Complimentary to my earlier post on Apache Ignite in-memory file-system and caching capabilities I would like to cover the main differentiation points of the Ignite and Spark. I see questions like this coming up repeatedly. It is easier to have them answered, so you don’t need to fish around the Net for the answers.

 – The main different is, of course, that Ignite is an in-memory computing system, e.g. the one that treats RAM as the primary storage facility. Whereas others – Spark included – only use RAM for processing. The former, memory-first approach, is faster because the system can do better indexing, reduce the fetch time, avoid (de)serializations, etc.

 – Ignite’s mapreduce is fully compatible with Hadoop MR APIs which let everyone to simply reuse existing legacy MR code, yet run it with >30x performance improvement. Check this short video demoing an Apache Bigtop in-memory stack, speeding up a legacy MapReduce code

 – Also, unlike Spark’s the streaming in Ignite isn’t quantified by the size of RDD. In other words, you don’t need to form an RDD first before processing it; you can actually do the real streaming. Which means there’s no delays in a stream content processing in case of Ignite

 – Spill-overs are a common issue for in-memory computing systems: after all memory is limited. In Spark where RDDs are immutable, if an RDD got created with its size > 1/2 node’s RAM then a transformation and generation of the consequent RDD’ will likely to fill all the node’s memory. Which will cause the spill-over. Unless the new RDD is created on a different node. Tachyon was essentially an attempt to address it, using old RAMdrive tech. with all its limitations.
Ignite doesn’t have this issue with data spill-overs as its caches can be updated in atomic or transactional manner. However, spill-overs are still possible: the strategies to deal with it are explained here

 – as one of its components Ignite provides the first-class citizen file-system caching layer. Note, I have already addressed the differences between that and Ignite, but for some reason my post got deleted from their user list. I wonder why? 😉

 – Ignite’s uses off-heap memory to avoid GC pauses, etc. and does it highly efficiently

 – Ignite guarantees strong consistency

 – Ignite supports full SQL99 as one of the ways to process the data w/ full support for ACID transactions

– Ignite supports in-memory SQL indexes functionality, which lets to avoid full-scans of data sets, directly leading to very significant performance improvements (also see the first paragraph)
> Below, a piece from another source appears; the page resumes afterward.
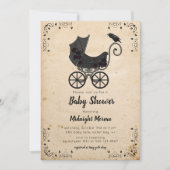 Gothic  Stroller Baby shower Invitation Kaart (Voorkant)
 – with Ignite a Java programmer shouldn’t learn new ropes of Scala. The programming model also encourages the use of Groovy. And I will withhold my professional opinion about the latter in order to keep this post focused and civilized 😉

I can keep on rumbling for a long time, but you might consider reading this and that, where Nikita Ivanov – one of the founders of this project – has a good reflection on other key differences. Also, if you like what you read – consider joining Apache Ignite (incubating) community and start contributing!

Apache Ignite (incubating) vs Tachyon

The post has been updated to use WaybackMachine instead of the Twitter, as I’ve closed my Twitter account.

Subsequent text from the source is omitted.